Thursday, Sept. 29, 2011
Around my house if Tammy hears something in the middle of the night the first thing she does is check to see if I’m in bed.
If I’m not there she goes back to sleep.
One of the things she’s learned in our 12+ years together is that the combination of a loud noise and me not being in bed means there’s nothing to worry about.
This morning was one of those times.
Thank You Sir, Can I Have Another
Our alarm clock is set to go off 30 minutes before we actually want/have to get up.
Since the clock is on Tammy’s side of the bed, she hits snooze and we grab a few more minutes of sleep only to be awakened by another Top 40, Pop or whatever it’s called today, song blasting through the speakers.
She hits snooze again and we repeat the process 3-4 more times. (Does that make us sadists?)
Due to all of the pillows and blankets on Tammy’s side of the bed I can’t actually see the clock without actually sitting up, which I’m not very fond of doing that early in the morning.
Because Tammy knows I’m not one of those people who can just get up at the same time everyday and would sleep until 9 a.m. if undisturbed, she’s turns into my own personal alarm.
Tammy: It’s five until six.
Me: What? Oh, Ok… (falling back to sleep)
Tammy: It’s six now.
Me: Huh? Crap… I gotta get up.
I’ll Grow Out of It Eventually
With that I begin my awkward morning process that consists of me fumbling around for my glasses, swinging my feet to the floor, shuffling my feet around to find my shorts and my Crocs.
The process doesn’t always follow the same order and can also include any combination of me knocking my glasses on the floor and/or not finding my Crocs or my shorts with my feet.
Any of these additions results in me bending over and feeling around blindly on the floor in attempt to collect my things so I can start my morning.
Warm It Up… I’m About To…
This morning the getting out of bed part was pretty uneventful. It was the getting to the bathroom part that proved to be problematic.
As soon as I got out from under the covers I noticed there was a chill in the air. My first thought was to turn on the heater so it wouldn’t be as cold when Tammy got up.
I found the mini flashlight on the table near the thermostat and turned it on so I could see the temperature. It was warmer than I thought so I decided not to turn the heat on.
Then I apparently nodded off when I turned to put the flashlight back on the table. I saw it falling to the ground and was able to catch it.
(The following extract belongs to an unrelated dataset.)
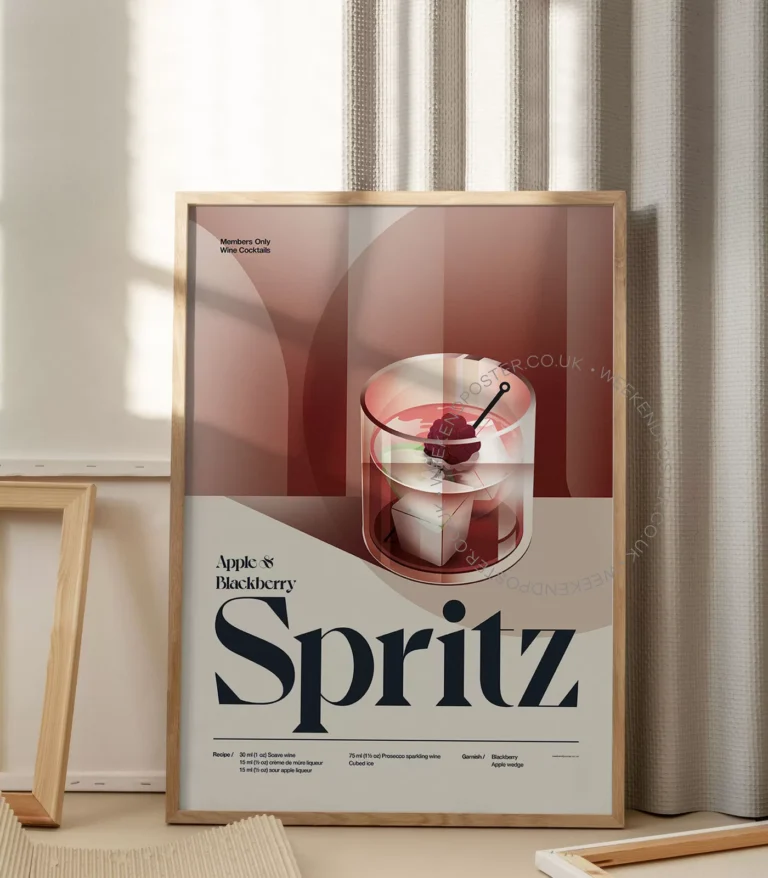 Mid-century retro Apple & Blackberry Spritz Cocktail poster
But instead of setting it gently back on the table I set forth a chain reaction of events.
Jason gets up this morning and I hear him whispering.
I was half-asleep and trying to figure out what I heard.
Me: What is he saying? Probably can’t find the remote.
A few seconds later I hear it — BANG — followed by something hitting the floor — CRASH — that was followed by the sound of another something hitting the floor — BANG — and more whispering.
Jason: Sssshhhhhhh… D@mmit… Sorry… Shebasheba…
Like a Row of Dominoes
Instead of putting the flashlight down on the table, I bumped into it and dropped the flashlight.
As I was feeling around for the flashlight, I mumbled to myself that I prolly just woke Tammy up.
Then I heard something hit the table and saw it sliding toward the edge.
I tried to grab it but was too late and it crashed on the floor.
I picked it up, felt around for a spot on the table, bumping into multiple items in the process, while swearing at myself and apologizing to Tammy.
I made sure that nothing else was going to fall and headed off to the shower where I was hoping the hot water would wash the morning’s funk off me.
Tammy’s Take, Pt. II
After I got out of the shower, I decided to ask Jason about the events.
Me: So what did you do this morning that crashed stuff everywhere?
He responded with a dirty look and pursed lips.
Jason: I was checking the thermostat and…
At this point I couldn’t hold back anymore and started snickering because I was picturing everything unfolding.
Jason: What’s so funny?
Me: So you just ran into the table?
Jason: (while walking away) If you’re just gonna laugh then I’m not telling you.
I guess I was right about him hitting the table.
A little while later he tells me about him using the flashlight and starts placing blame.
Jason: It’s all YOUR fault because I was trying to turn the heat on for YOU.
Me: Oh no… this was YOUR fault because I told you last week that I wanted to move the table to the other side of the room.
With that he gave me another one of his looks and walked away.
I walked into a closed door this morning while I was trying to be quiet. Unfortunately, there is no one to blame but myself. Or, I could blame Wonderbutt for making me keep doors closed so he won’t chew up the stuff on the floo- oh, I guess that’s kind of my fault, too.
The other morning I was staggering to the bathroom in the dark. There is a mirror on the bathroom door and the faint morning light from a window was shining on it at just the right angle so that it looked like the door was open. Half asleep, I smacked right into it.